In those far-off days of 2010, I used to get preview DVDs fast-biked to Radio Times HQ in White City. There wasn’t one for The Pandorica Opens. Instead, a screening was arranged in Soho for me and six other journos. I sat glued to the telly, furiously scribbling notes. An utter scrawl during the last ten minutes! Then two days before transmission (excused for an hour on a hectic press day) I hopped on my Vespa across to Portobello Road for a special screening at the Electric Cinema. On the big screen, you appreciate how truly cinematic modern Doctor Who can be.

Afterwards, we heard from director Toby Haynes, a Who first-timer (and childhood fan), who’d done a magnificent job. He praised his director of cinematography and said how HD cameras using cinema lenses achieved such filmic depth. He revealed they had 45 minutes of daylight plus a night shoot to make the most of Stonehenge; the rest was done elsewhere on “foamhenge” – a mock-up with three stones. Time and money meant the Cyberman head latching onto Amy nearly had to be dropped, but Haynes reworked the scene and made the FX as physical as possible (rather than CGI) to get it on screen.

“Underhenge” was the biggest set built to that date at the BBC’s Upper Boat Studios, described in the script as not unlike a temple you’d find in Indiana Jones. Haynes said he actually played John Williams’s music on set so that the actors rhythmically slowed down and felt the moment as they explored the Pandorica chamber.

The four leads certainly delivered. But top marks to Steven Moffat for packing in surprises and slotting together the season puzzle with a dazzling plot, urgent pace and terrific dialogue:

River: “Everything that ever hated you is coming here tonight.”

A stunning shot of spaceships in the night sky above Stonehenge… A bewildering checklist of aliens from many eras – Drahvins (1960s), Draconians (1970s), Terileptils (1980s)… Then the Doctor is confronted in the Pandorica chamber by Daleks, Cybermen, Sontarans, Silurians, and various other costumes lurking in the store cupboard. As a child, I’d have been wetting myself with delight. As a continent adult, it’s pretty gratifying, too.

Rory: “You have to run. You have to get as far away from here as you can. I’m a thing. I’ll kill you. Just go!”

The one thing I never saw coming was the Roman centurions being revealed as Autons. A shiver down the spine stretching back 40 years. And just as Amy regains her memory with a heartbreaking, “Why am I happy?”, poor sweet Rory or “Roranicus” battles the Nestene influence over his duplicate being – but shoots Amy dead.

River: “It’s a trap. It has to be. They used Amy to construct a scenario you’d believe to get close to you.”

In majestic slow motion, we see Amy’s dying moments, River battling with a haywire Tardis and the Doctor being hauled into the Pandorica, where the alien alliance will restrain him for ever. As the Sontaran says: “We will save the universe – from you!” Get out of that, Time Lord!
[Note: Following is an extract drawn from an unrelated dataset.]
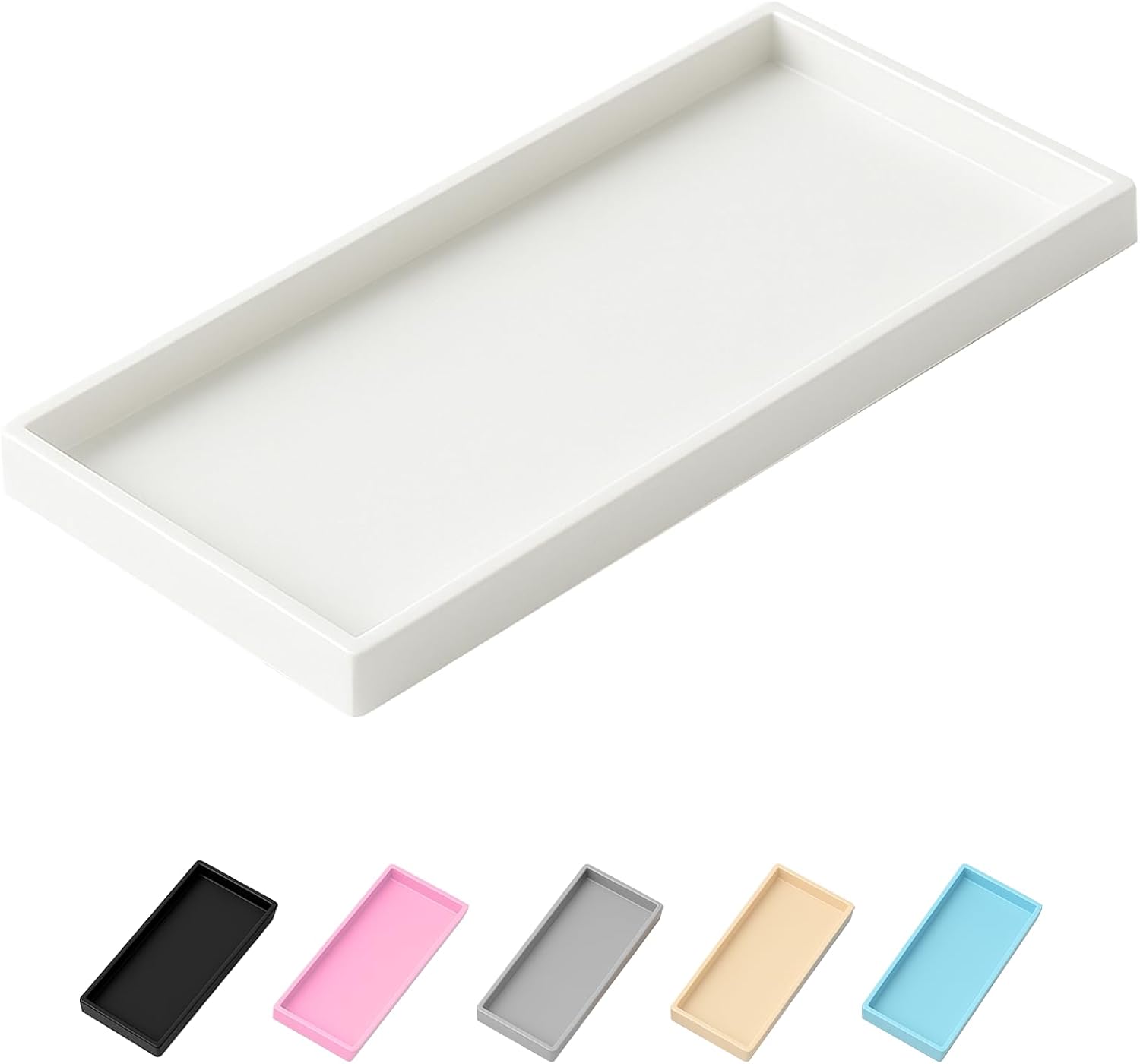 Vanity and Bathroom Tray, 7.7" ABS Countertop Organizer,Waterproof Vanity Tray for Toilet Tank,Perfume,Soap,Keys,Bathroom Accessories,Kitchen and Bath Trays,Non Slip Small Trays,White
“This is the adventure/awe episode,” says Toby Haynes. “Whereas episode 13 is how the Doctor wraps it all up. How he fixes it. It’s like Back to the Future. It’s amazing. The weirdest piece of writing I’ve ever read for TV.” You weren’t wrong there, Toby…

The Big Bang inevitably verges on Medium Bang, a comedown after the exciting build-up. There are still plenty of twists (Amy inside the box), feints and striking images (the stone Dalek), and a lovely loop back to young Amelia in The Eleventh Hour. But there’s a worry that Steven Moffat has painted himself into a corner. There are explanations, if you pay very close attention, but still leaps in logic and leaps of faith.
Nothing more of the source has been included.